## [WHAT THE TASK ASKS]
Your copy should match the records exactly, except that it contains no pictures.
---------- RECORDS SHOWN
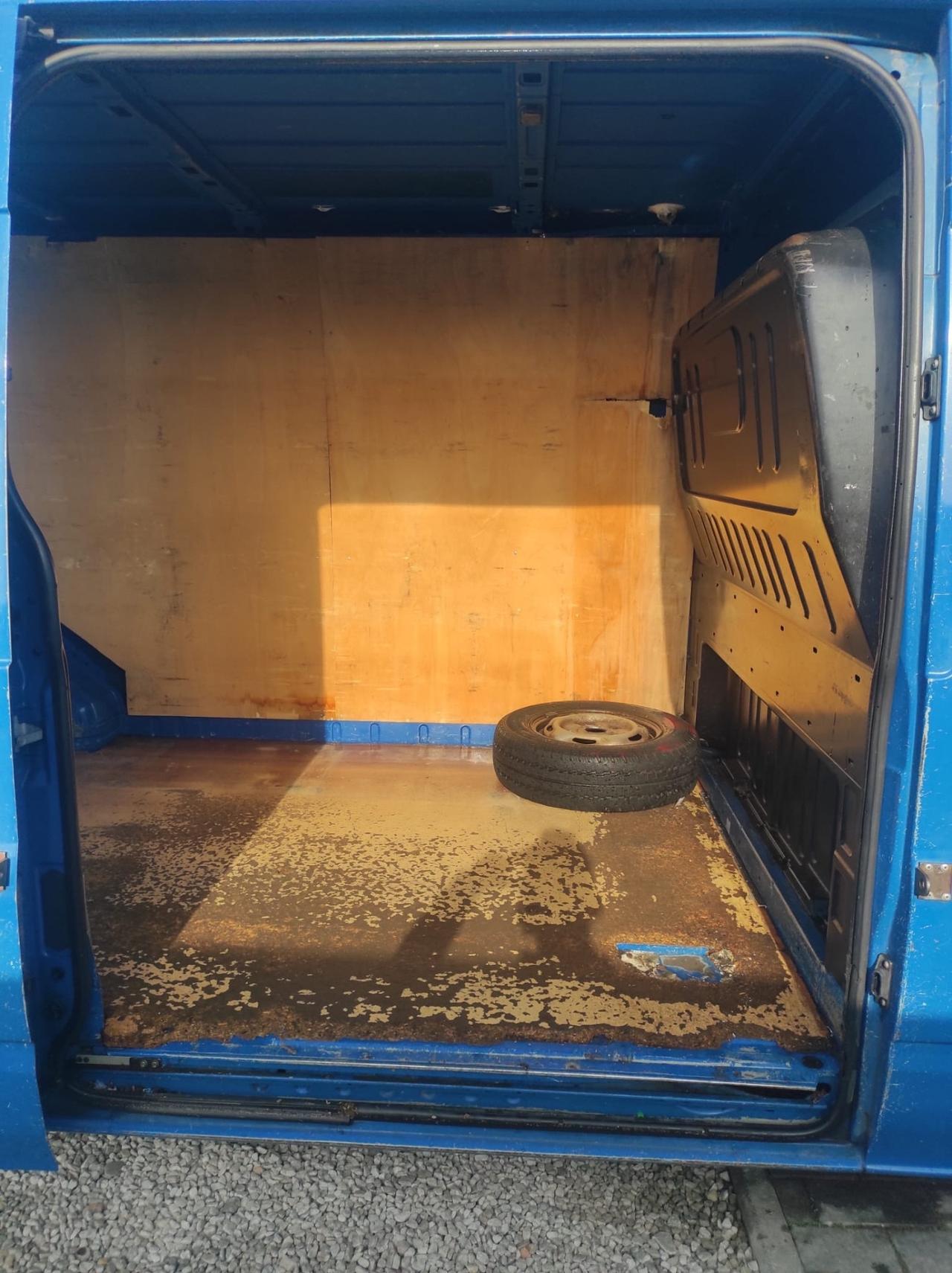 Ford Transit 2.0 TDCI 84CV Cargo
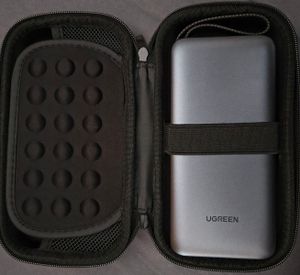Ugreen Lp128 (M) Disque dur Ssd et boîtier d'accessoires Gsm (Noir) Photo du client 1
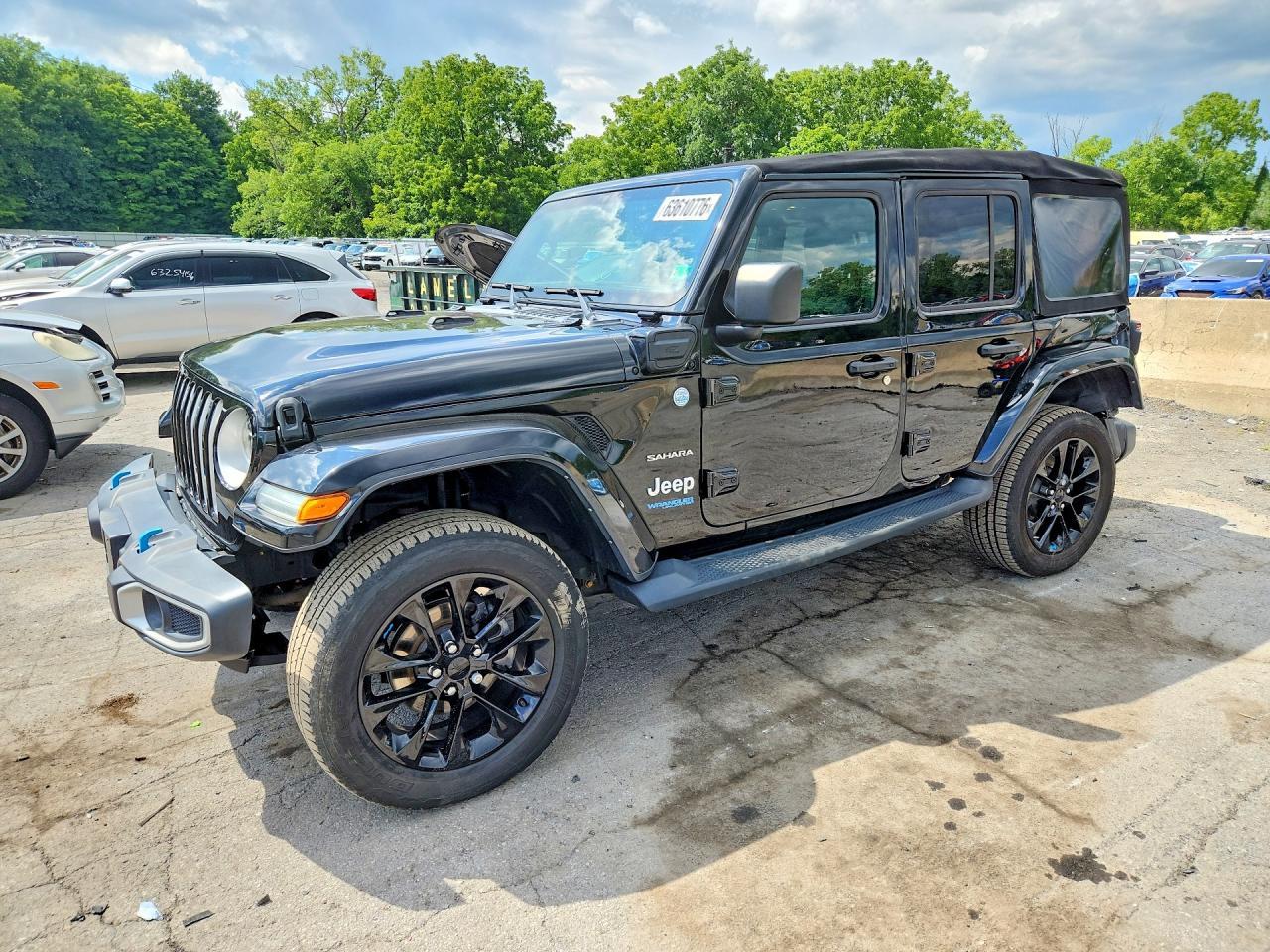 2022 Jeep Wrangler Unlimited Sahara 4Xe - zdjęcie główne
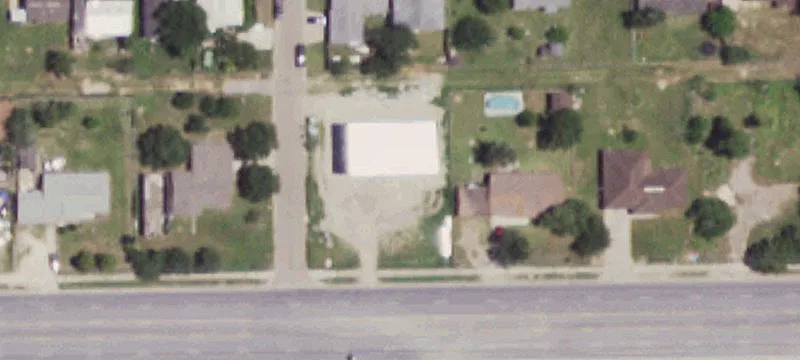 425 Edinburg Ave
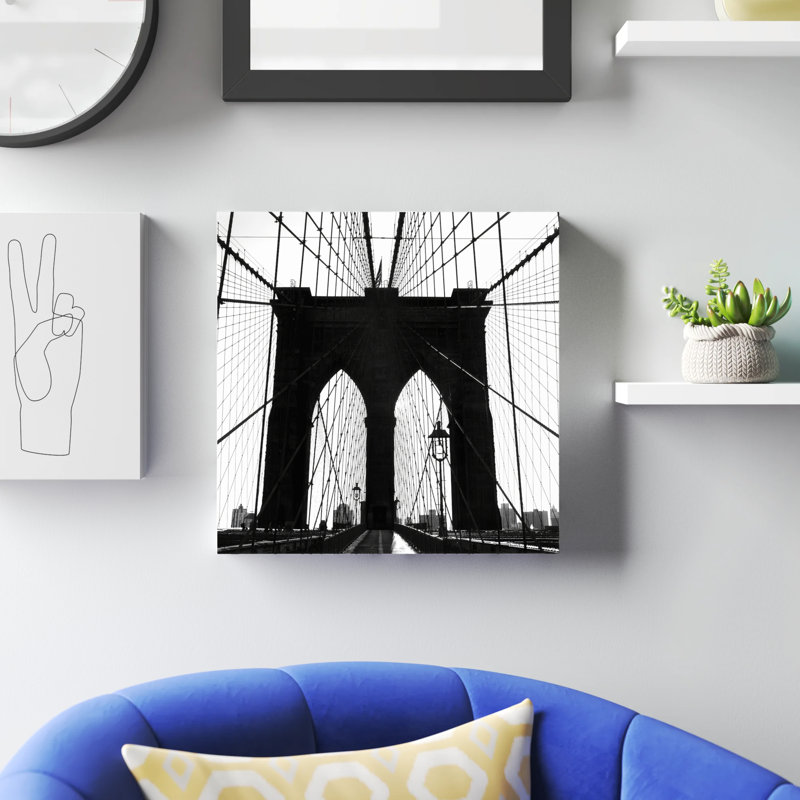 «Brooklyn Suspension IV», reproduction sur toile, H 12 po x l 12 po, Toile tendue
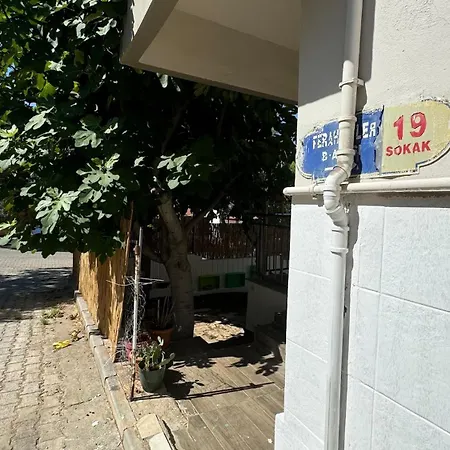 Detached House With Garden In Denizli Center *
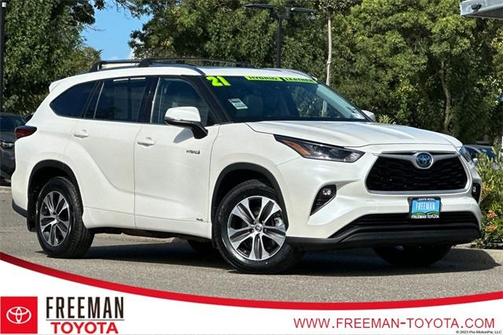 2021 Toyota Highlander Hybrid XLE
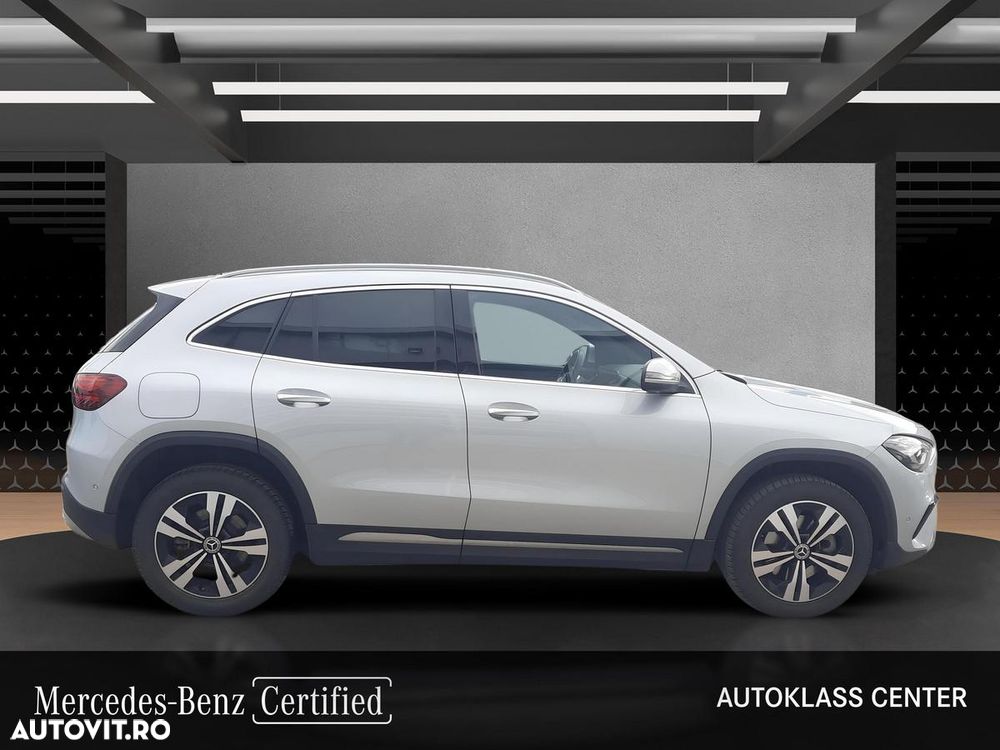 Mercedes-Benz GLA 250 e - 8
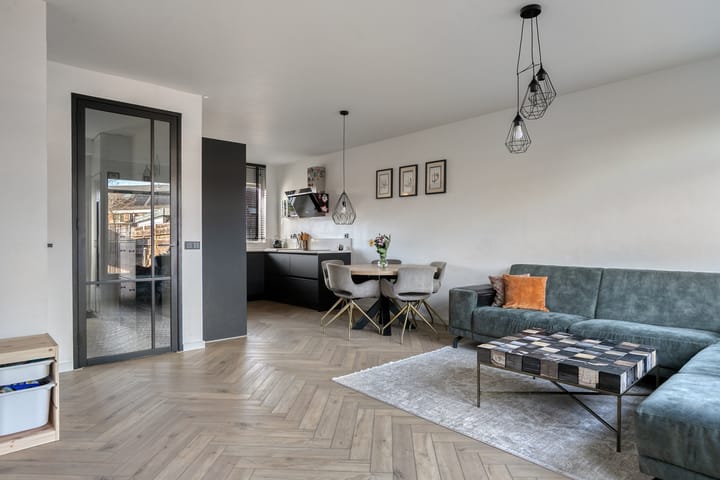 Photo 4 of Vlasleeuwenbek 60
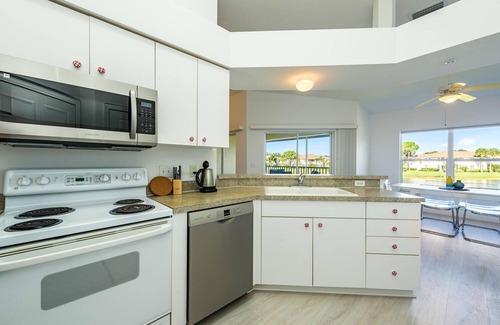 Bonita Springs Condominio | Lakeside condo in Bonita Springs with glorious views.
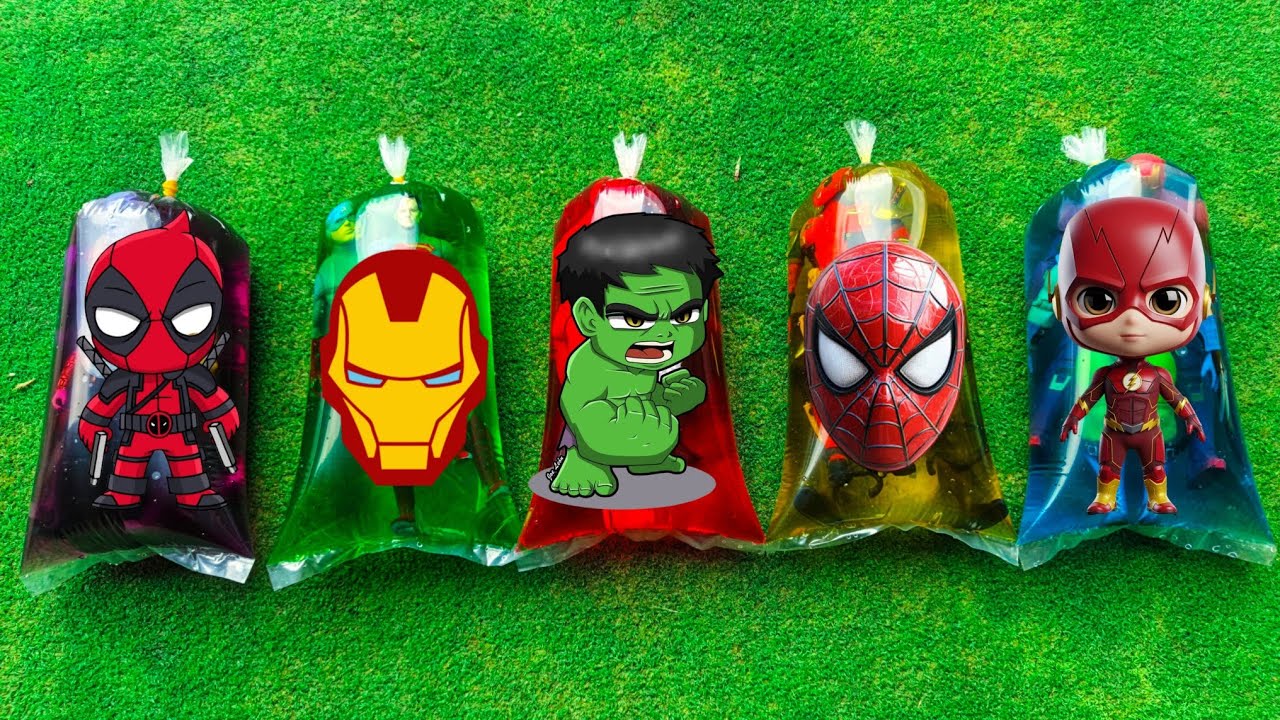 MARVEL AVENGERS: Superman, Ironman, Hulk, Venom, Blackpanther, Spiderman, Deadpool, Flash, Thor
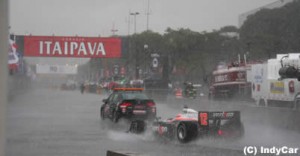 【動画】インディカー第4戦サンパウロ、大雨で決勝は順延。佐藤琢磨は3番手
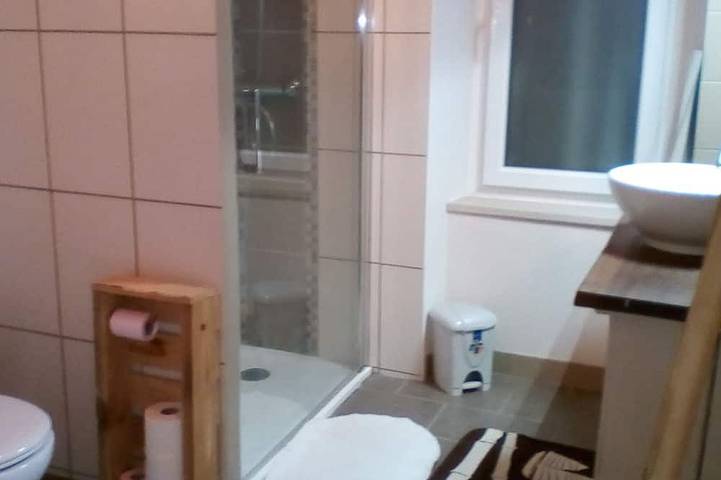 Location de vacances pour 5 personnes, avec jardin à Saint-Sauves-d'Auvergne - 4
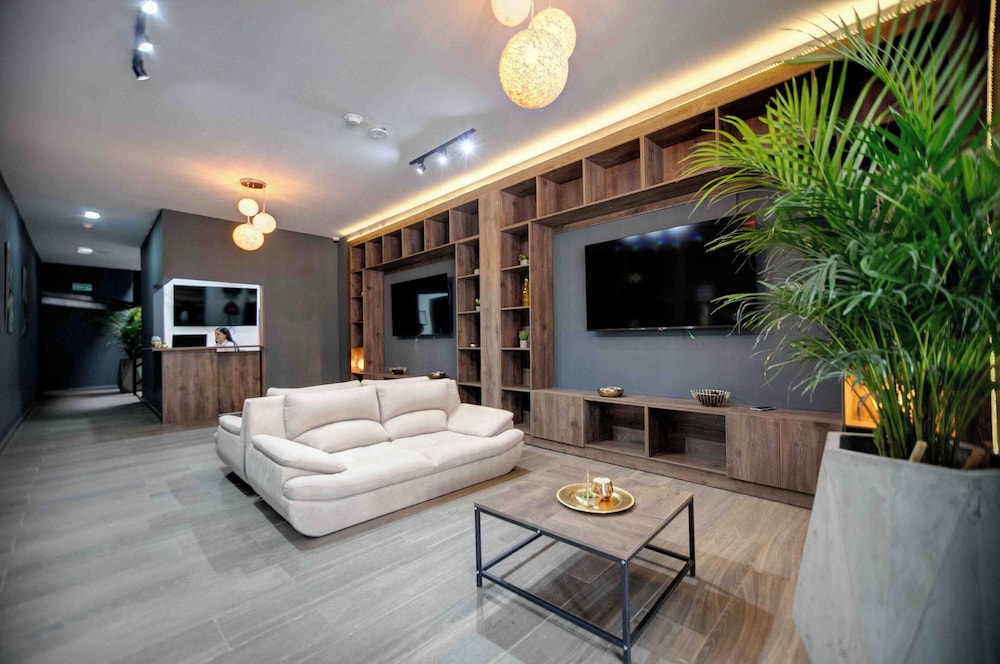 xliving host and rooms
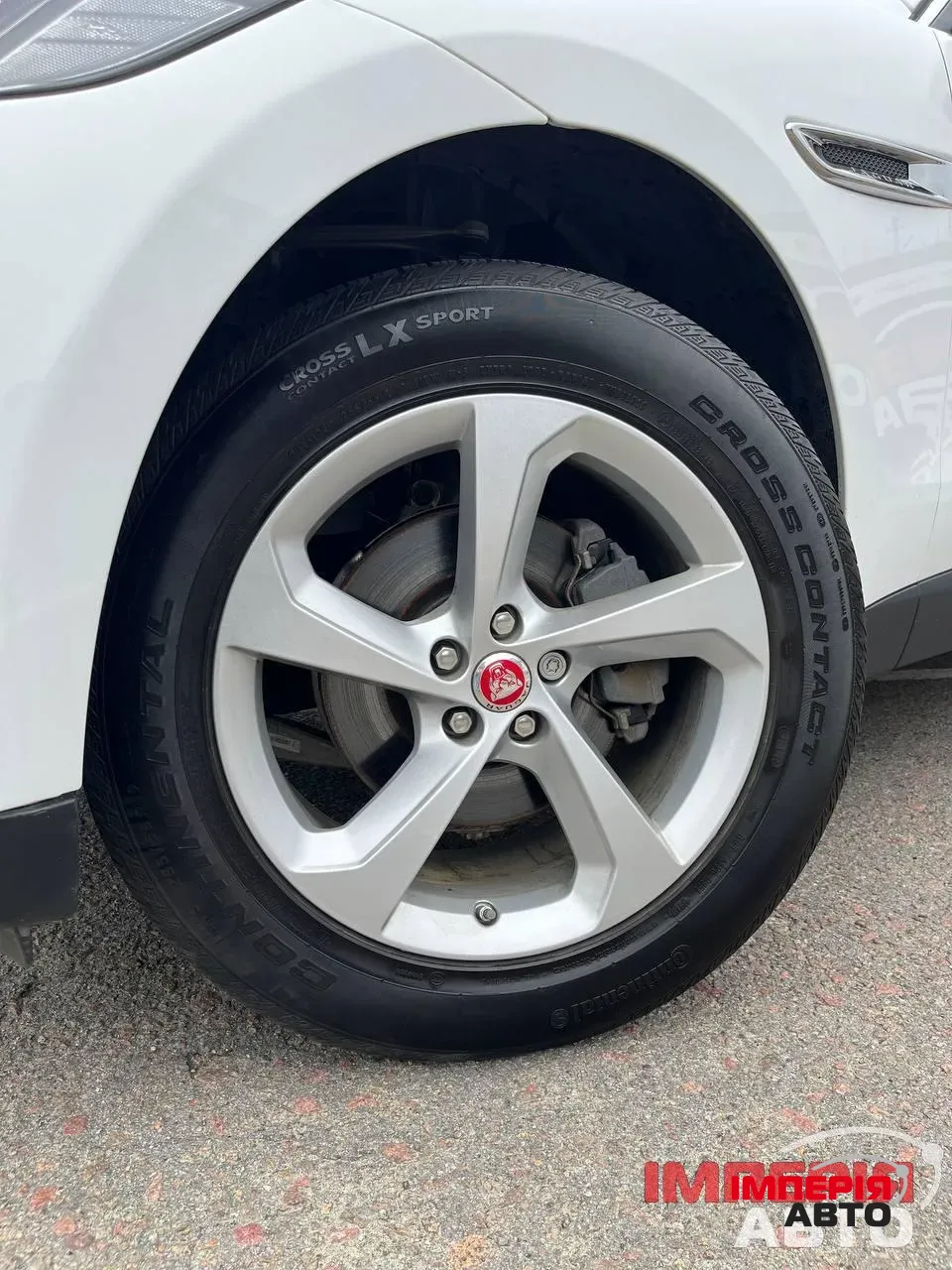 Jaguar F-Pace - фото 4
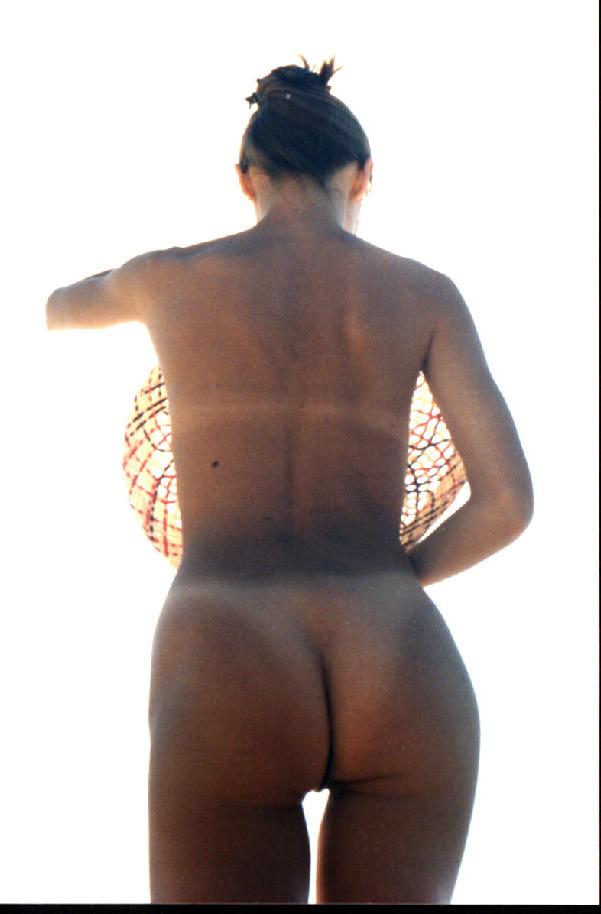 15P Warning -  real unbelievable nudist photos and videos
--------------------
## [RESPONSE BELOW]
 Ford Transit 2.0 TDCI 84CV Cargo
Ugreen Lp128 (M) Disque dur Ssd et boîtier d'accessoires Gsm (Noir) Photo du client 1
 2022 Jeep Wrangler Unlimited Sahara 4Xe - zdjęcie główne
 425 Edinburg Ave
 «Brooklyn Suspension IV», reproduction sur toile, H 12 po x l 12 po, Toile tendue
 Detached House With Garden In Denizli Center *
 2021 Toyota Highlander Hybrid XLE
 Mercedes-Benz GLA 250 e - 8
 Photo 4 of Vlasleeuwenbek 60
 Bonita Springs Condominio | Lakeside condo in Bonita Springs with glorious views.
 MARVEL AVENGERS: Superman, Ironman, Hulk, Venom, Blackpanther, Spiderman, Deadpool, Flash, Thor
 【動画】インディカー第4戦サンパウロ、大雨で決勝は順延。佐藤琢磨は3番手
 Location de vacances pour 5 personnes, avec jardin à Saint-Sauves-d'Auvergne - 4
 xliving host and rooms
 Jaguar F-Pace - фото 4
 15P Warning -  real unbelievable nudist photos and videos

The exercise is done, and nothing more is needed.